The death toll in the landslides triggered by six days of heavy rains in the central Philippines was expected to top 100 after 35 bodies were found with scores still missing yesterday.
Government officials said most of the people were asleep when the landslides hit the towns of San Francisco and Liloan in Southern Leyte province late on Friday.
Four people were injured when their houses collapsed and 83 were still missing, they said.
Disaster officials said a dozen people were also killed in landslides and flash floods triggered by the rains on the southern island of Mindanao, adjacent to Leyte island.
About 300 people were evacuated to safer areas in Southern Leyte after troops rushed to the disaster zone to rescue victims trapped under tonnes of mud and debris dumped from the nearby hills, officials said.
"This is the worst experience we have had in years," said Rosette Lerias, governor of the province.
She said bad weather, blocked roads and a power outage in the region were hampering rescue work.
Lerias said soldiers had reached only one of the two affected areas after trekking for many hours.
"We really have no idea of the magnitude of the disaster because the weather has kept us from moving and inspecting other areas," she said.

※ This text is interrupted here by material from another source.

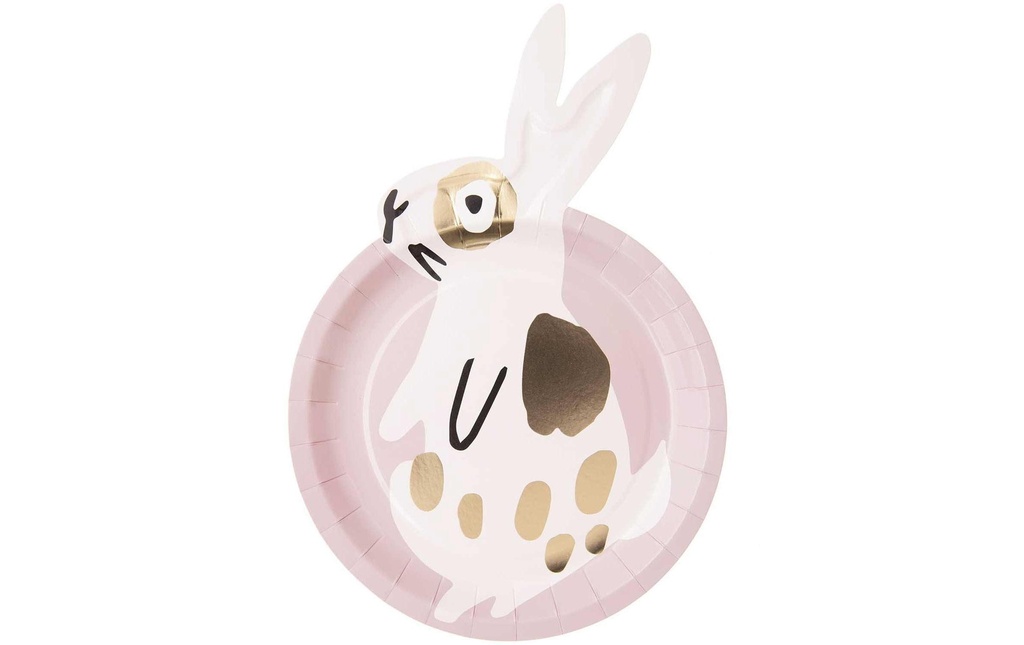 Rico Design Assiette Lapin, Rose/Or, 12 pièces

Allen Olayvar, coordinator of the Office of Civil Defense in Southern Leyte, said provincial officials received cell phone text messages early yesterday reporting the casualties.
"Emergency!" one text message said. "There are so many dead from landslide here ... Please inform the governor to get help here."
Heavy rains and strong winds had made it difficult for two military helicopters to fly to the disaster areas from an airbase on Cebu island, an official said.
Lerias blamed widespread illegal logging on the nearby hills for the landslides.
Illegal logging was also blamed for flash floods that killed at least 170 people in Indonesia's Gunung Leuser national park in North Sumatra last month.
"Thank God, there was no typhoon," Lerias said, adding that a low-pressure area northeast of the island was dumping rain in the region.
The rains began Monday in eastern parts of the central Philippines and Mindanao, and continued throughout yesterday.
The country of 82 million people is hit by 17 to 20 typhoons a year.
The most destructive was Thelma, which struck Leyte island in November 1991 and unleashed floods that killed about 5,000 people.